大学院

【レポート】『大学院ピアノ指導法公開講座 〜ピティナ専務理事 福田成康氏を迎えて〜』

2017.11.08

指導法講座で学んだこと


大学院1年 山田真紗子

 私が外部で実際に教え始めて2年になりますが、最初に教えた時はどのように教えてよいか分からず、教える方法を真似してみたり相談したりしてやっと慣れてきたかなと実感しています。

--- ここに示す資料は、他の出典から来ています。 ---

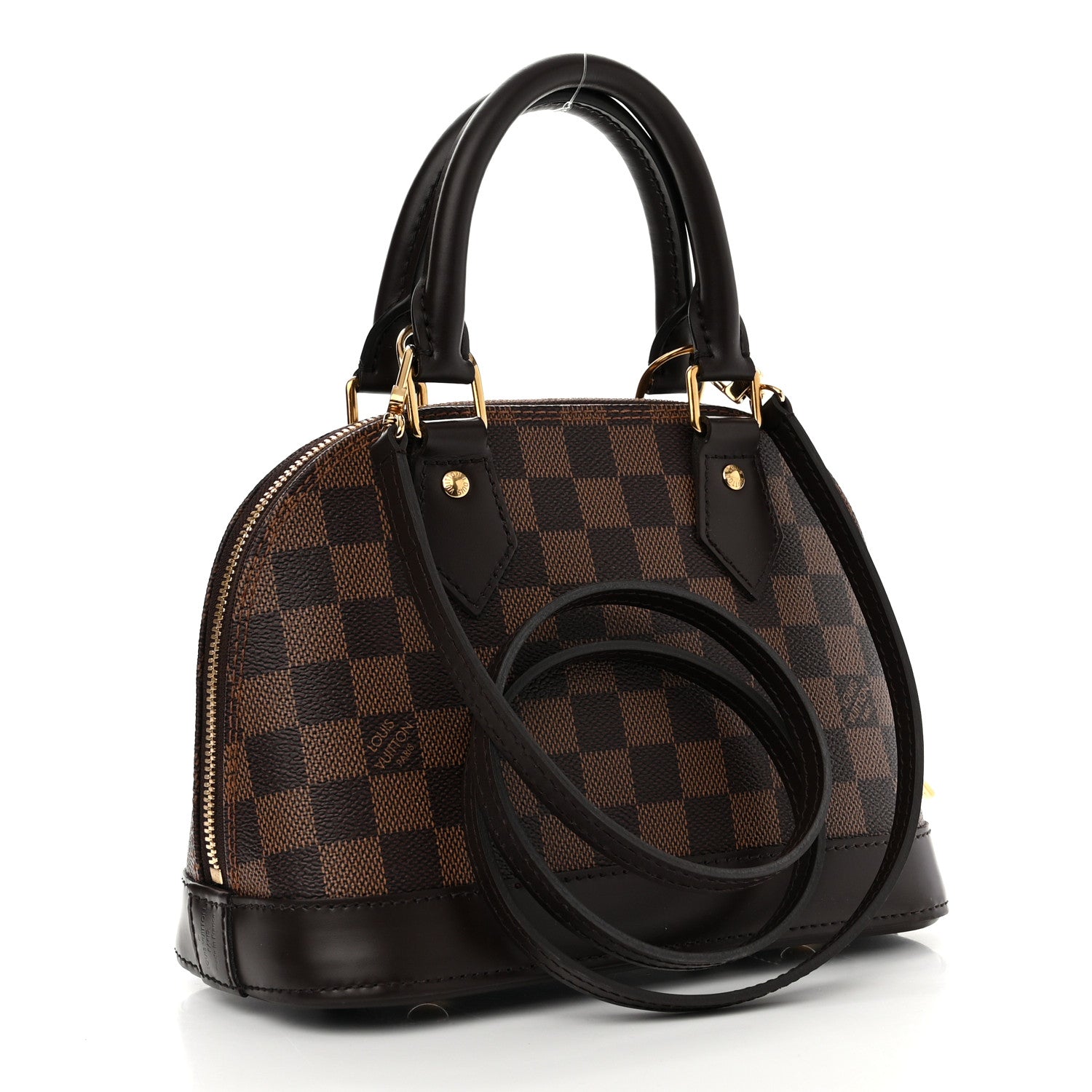 Louis Vuitton Damier Ebene Alma BB 3 of 9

完璧に生徒さんの特徴を掴みきれておらずたまに不安を感じることもありましたが、今年から始まった指導法で様々なことが学べられているなと思いました。

 先ず生徒さんがどのような状況であるか(生徒さんのレベルや進行状態等)、短い時間の中で何をポイントに言ってあげるか、そのポイントを生徒さんが理解するまで教える。単純なことなのですがとても奥深く、教えることの重要さを改めて実感させられました。又、10月26日に行った指導法講座では小学5年生で、ピアノを始めてから5年ほど経った藤本紗衣ちゃんとお母様にお越し頂き実際にレッスン形式で講座を行いました。

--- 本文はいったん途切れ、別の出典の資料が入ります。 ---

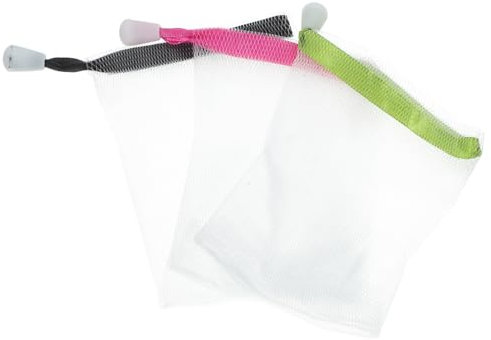 TOVINANNA 3stücke Seifenbeutel Aus Netzmaterial Für Schaumseife Gesichtsreinigungsseife Und Körperpflege Inklusive Seifenhalter Und Aufbewahrungsnetz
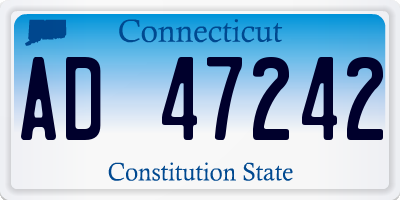 CT license plate AD47242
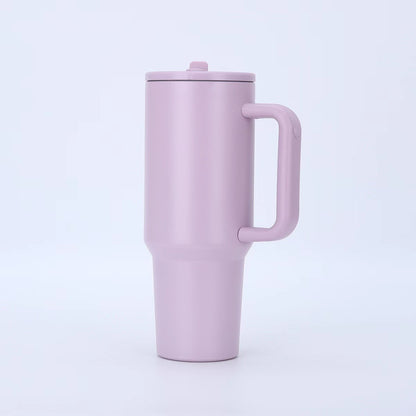 Cross-Border Amazon Best-Selling 40oz Big Mac Double-Layer Straw Mouth Car Cup Large Capacity Car Handle Ice Cup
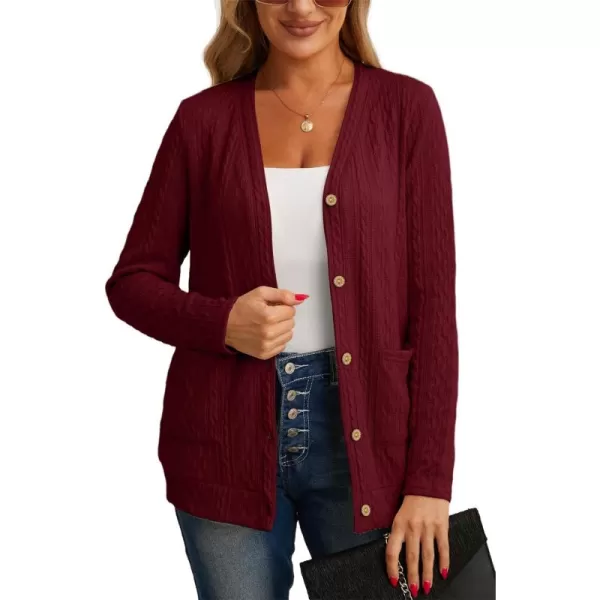 GRECERELLE Women's Lightweight Cardigan Sweater Casual Long Sleeve Knit Cardigan Open Front Outwear Jacket with Pockets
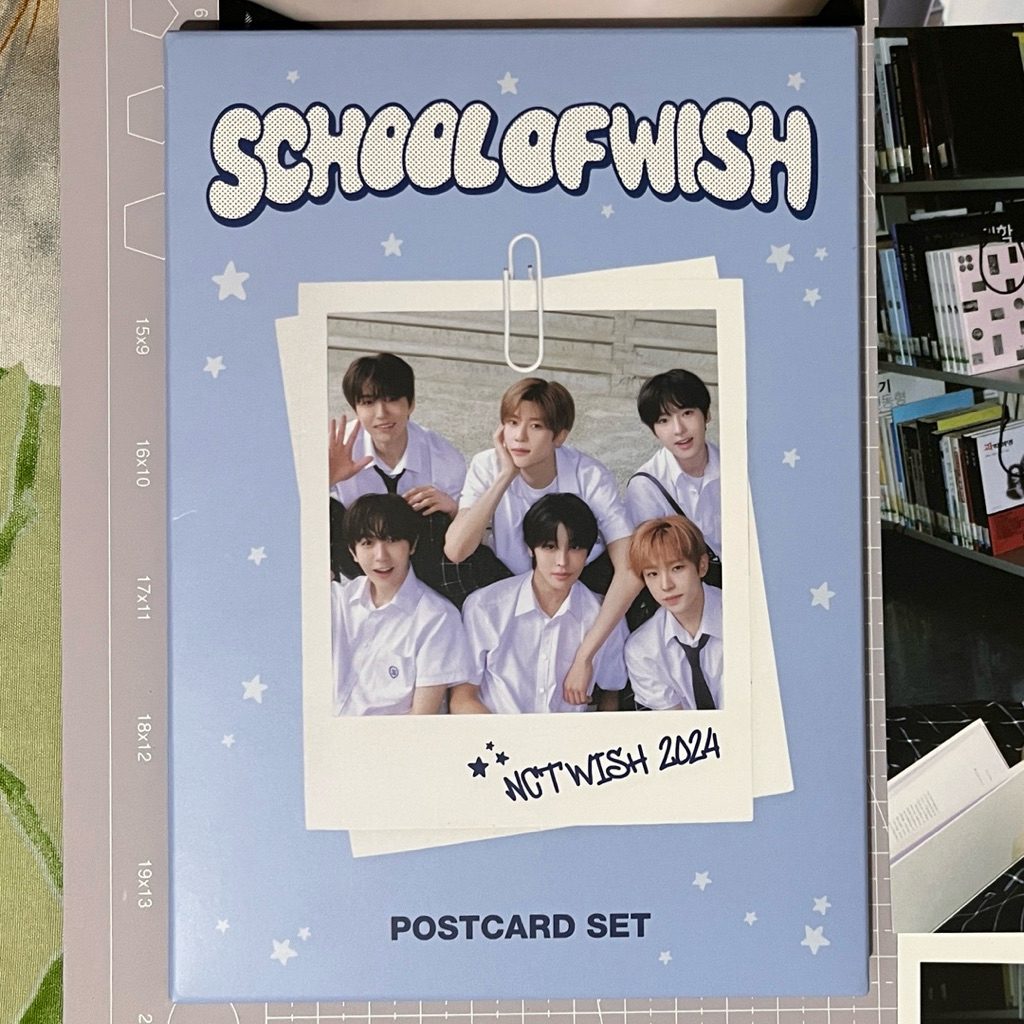 (OFFICIAL) POSTCARD NCT WISH [ SCHOOL OF WISH ] SION SET ( UNSEALED )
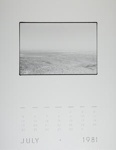 [Page Seven of 1981 Calendar - July]; Coppola, Richard; 1981; 2000:0141:0007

 その日はブルグミュラー〈さようなら〉、ケーラー〈ポロネーズ〉を題材に取り上げました。ブルグミュラーでは符点四分音符と八分音符が曖昧になっていたのでそれをどのように教えれば今後間違えないかを皆で話し合い、結論として理論的に話すのは生徒さんによっては分からないので音で説明をしてあげると分かるのではということを教えて頂き、伸びているリズムを感じながら少しクレッシェンドするように歌うことをしたら少し分かってきたかなと思いました。3連符が紗衣ちゃんにとって難しいとのことだったので今回は左の3連符をピックアップして上手く弾ける方法を考えました。すると、小指が寝ていたのが原因で重くなり弾きにくくなっていると分かり、指はどこから動いているか、和音を弾いた際、小指がしっかり立っているかの認識をさせ指を立てて弾くと徐々に弾きやすくなってくるということを実感してもらいました(すぐにはできないので少しずつ練習をするとお話しをしました)。又、この曲がどのような作り(構成)になっているかを認識させ場面の変化に気付いてもらうことをしました。イメージをすることで題名に合った音を聴いている人に伝わるかどうか、を実践しとても変化したのを覚えています。

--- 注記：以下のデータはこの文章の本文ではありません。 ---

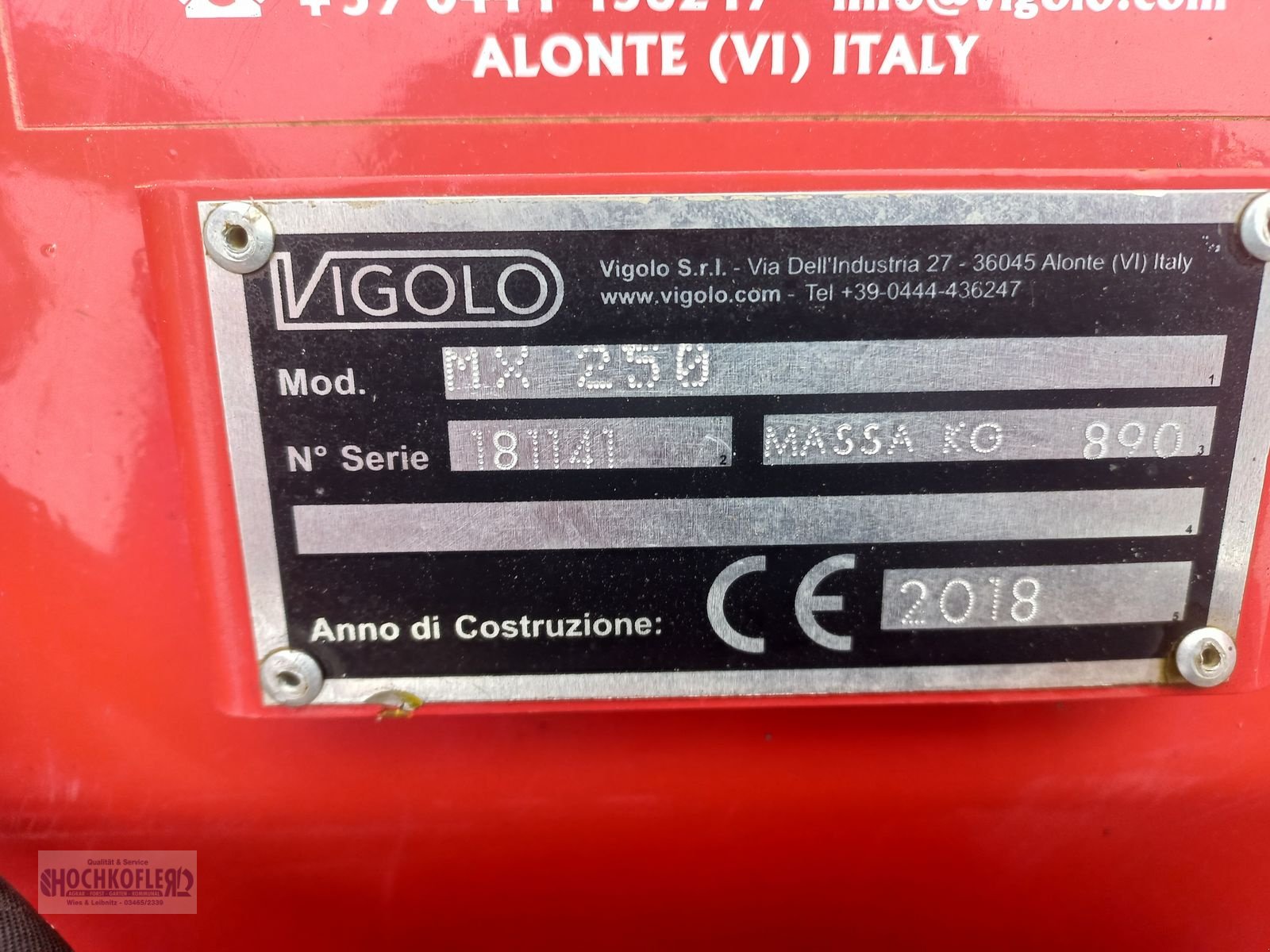 Mulchgerät & Häckselgerät типа Vigolo MX 250, Gebrauchtmaschine в Wies (Фотография 2)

 ケーラーでは例えを作り、次の日に本番があるとしてワンポイントアドバイスをするとしたら何をアドバイスするかとのテーマに対し、ポーランドの踊りを意識するという意見を提供し、ポーランドの宮廷である舞曲のリズムの特徴(スタッカートは足を跳ねている場面等)を掴んで弾くというアドバイスをしました。そのことを紗衣ちゃん自身が感じるだけでも違う雰囲気が出るのではないかと感じました。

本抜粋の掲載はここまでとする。